Because it switches from four lanes to two, to one and then back to two again, it also make a first class arena for road rage, where weary workers often take it upon themselves to cut one another up, with invariably rancorous results. In the 21st Century, with so much emphasis on traffic movement, you may ask how this road came into being? The answer is that it is just another example of Cardiff City Council’s usually ineffective attempts to socially engineer its citizens out of their cars.
The argument against private vehicles is already well worn and largely won. On the day that Gordon Brown announced the £1 billion electrification of the Swansea to Paddington line (provided he is returned to power to see it through), we all know that cars are bad things while public transport is, well, not so bad.
Yet this doesn’t appear to be enough for the capital’s local authority, which has spent the last year and a small fortune on equipping its roads with particularly hateful little constructions known as build-outs. They effectively widen the pavement and made the road narrower with, presumably, the aim of easing the pedestrian’s passing. All this is fine, yet they began appearing just after Cardiff’s bendy buses. The result, on many occasions, is further chaos, as lines of vehicles snake back on either side of the road away from two of these behemoths as they try and fail to get by one another. At the same time, little or nothing appears to have been spent on resurfacing, so that we have this almost laughable paradox of these shiny new buildouts jutting into roads that would cause the traffic minister of a particularly venal banana republic to blush.
If only it stopped there. There is no doubt that the council has also seen fit to hugely reduce the times that traffic lights remain on green. Cardiffians have consequently become so adept at jumping the lights that if it were made an Olympic sport in time for 2012, the city would be capable of supplying the entire team, with replacements.
Just as we don’t need to rehearse the environmental arguments around cars, nobody needs to be reminded that taking one of them across a junction when its lights are at red can be extremely dangerous. But, having spent up to 15 minutes at a junction on the edge of the city waiting to pass, it is somewhat tempting to squeeze through when only the first three vehicles in front were able to do so while the light was at green.
Cardiff has a comprehensive and decent transport system, but no small businessman or woman could run a successful diary and rely upon it. It is simply impossible, and could add up to three hours a day in travelling – dead time, time that cannot be used for anything else. In such circumstances, only cars will do. But, regardless of whether public transport has been improved alongside increased traffic ‘calming’ measures, those same business people – the ones that pay their rates and taxes properly to fund this nonsense – are finding their days getting longer.

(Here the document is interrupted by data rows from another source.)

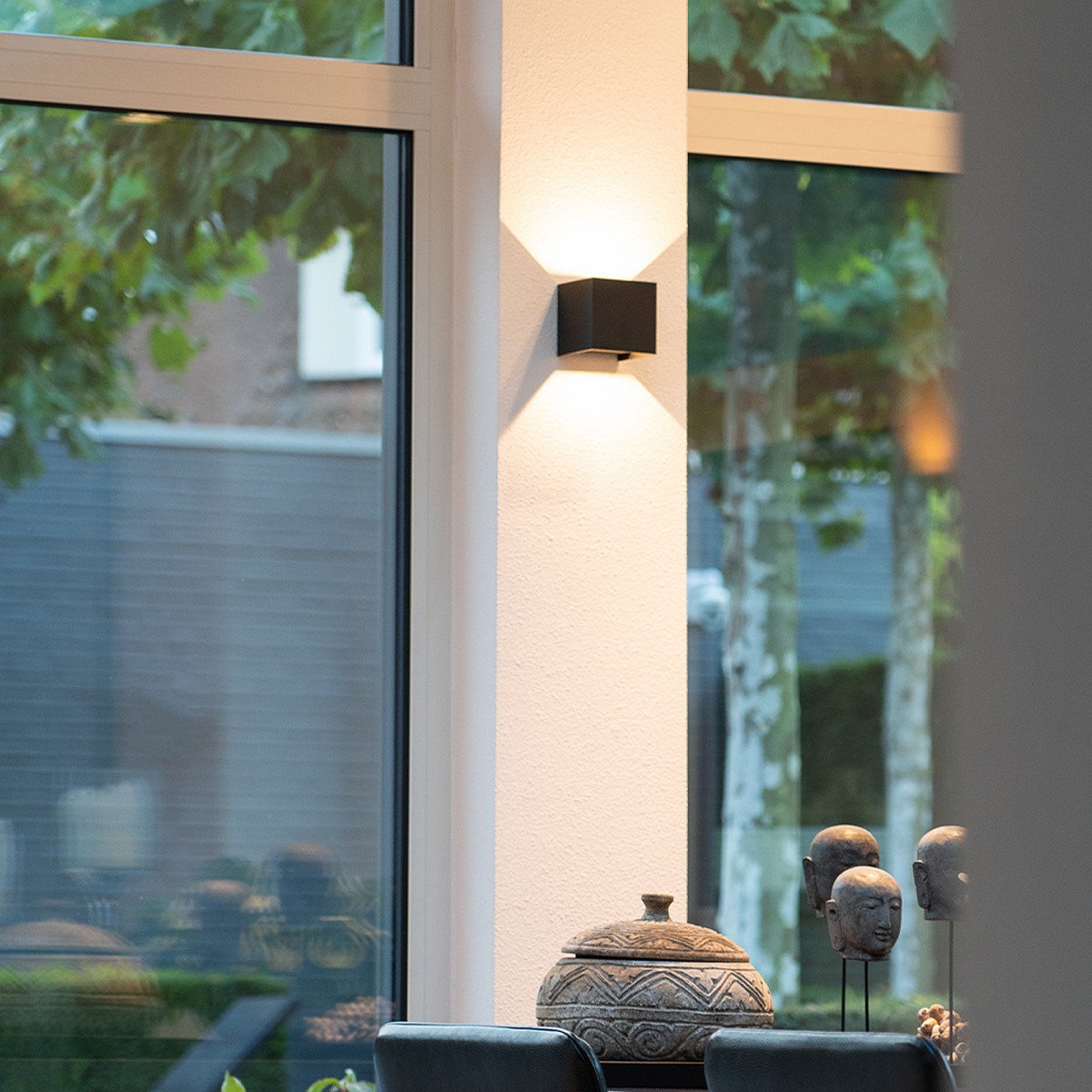 Innenbeleuchtung Shift Up- und Downlighter Wandleuchte mit Modernem Design in schwarzer Farbe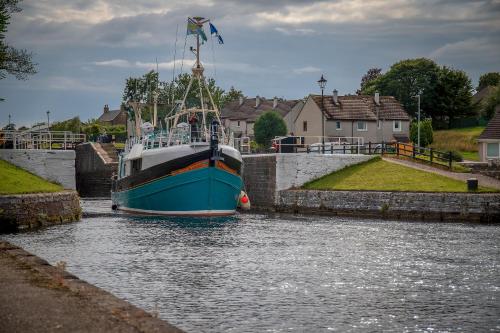 Picture of Great Glen Way Canal Side Apartment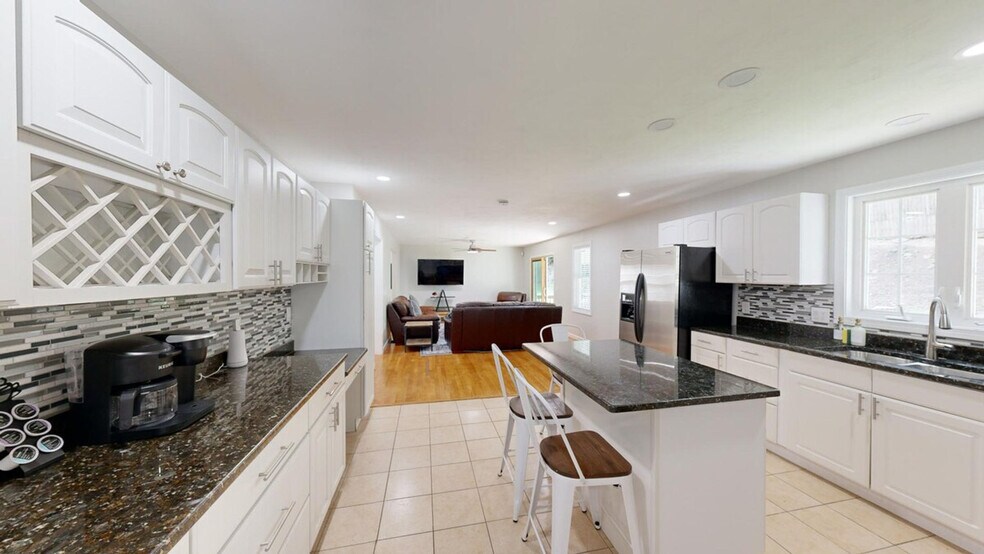 Building Photo - 9 Bates Ave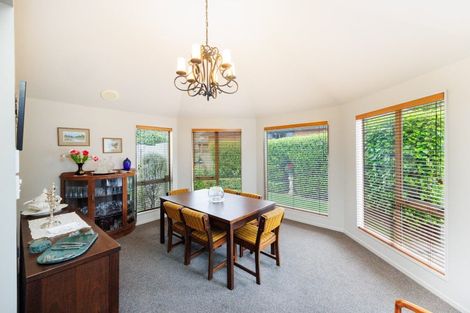 Photo of property in 11 Pastoral Lane, Hokowhitu, Palmerston North, 4410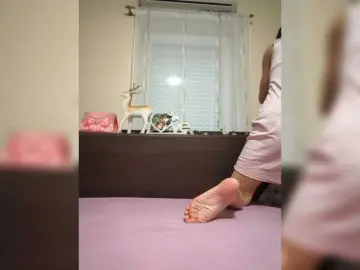 SEXYQUEEN55  live sex cam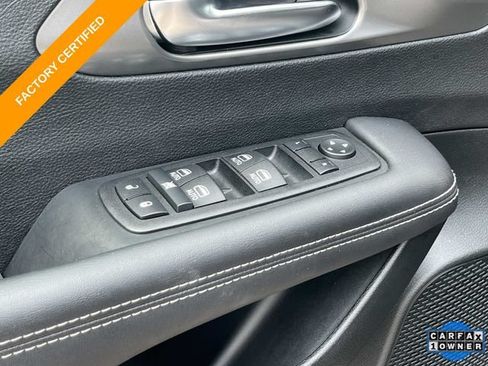 Used 2025 Chrysler Pacifica Select w/ Uconnect Theater Family Group FWD image 26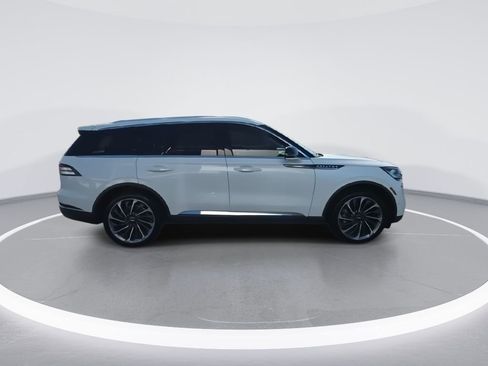 Used 2021 Lincoln Aviator Reserve w/ Equipment Group 201A AWD/4WD image 9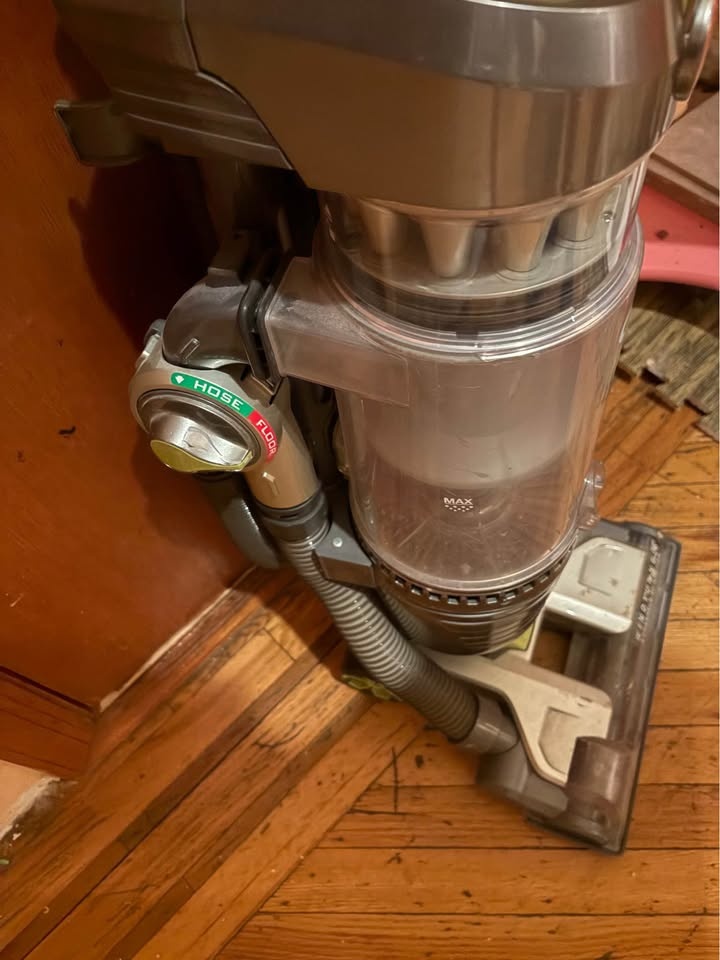 Hoover Air Upright Vacuum – Powerful Suction – Works Great - photo 4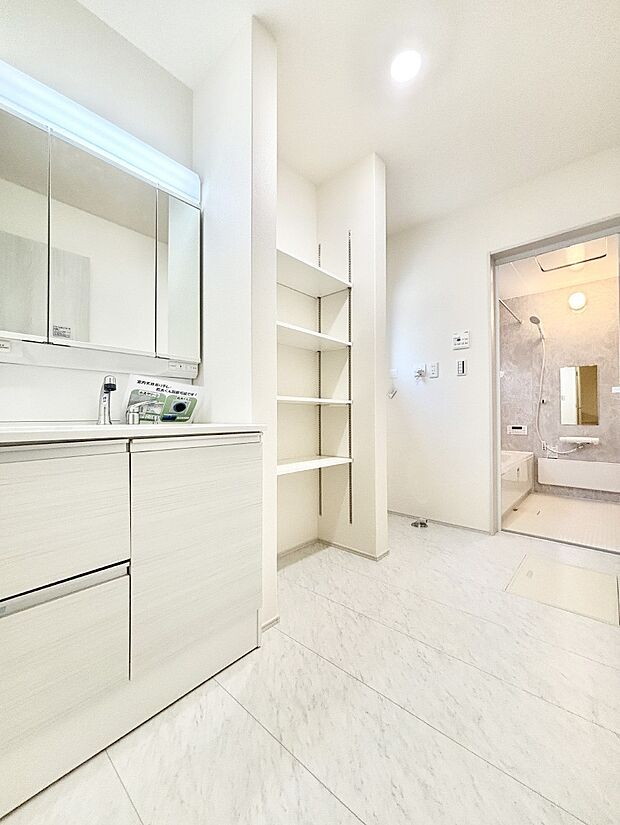 身支度もスムーズにおこなえる脱衣場。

As a consequence, the build outs – which rely on co-operation between motorists to allow traffic to pass smoothly – are fundamentally flawed in their conception, because the frustration they have caused puts no one in a charitable mood.
But all of this is just stuff to highways officials who can hide behind environmental arguments as a means of waving away hard questions about why Cardiff is becoming more and more gridlocked. And to say we should use our cars less is not only glib, it is also downright hypocritical. Why? Because Cardiff County Hall possesses one of the biggest single-level car parks in the city, there solely for its employees’ use.
Whether the council likes traffic or not, it is not the job of unelected officials to attempt to socially engineer us out of our cars by putting the public’s arm in a half-Nelson. It should concern itself with matching the intelligence and sophistication of some of our recent landmark buildings with a traffic system that isn’t running the risk of economically disadvantaging the very same people whose money have helped build our new capital.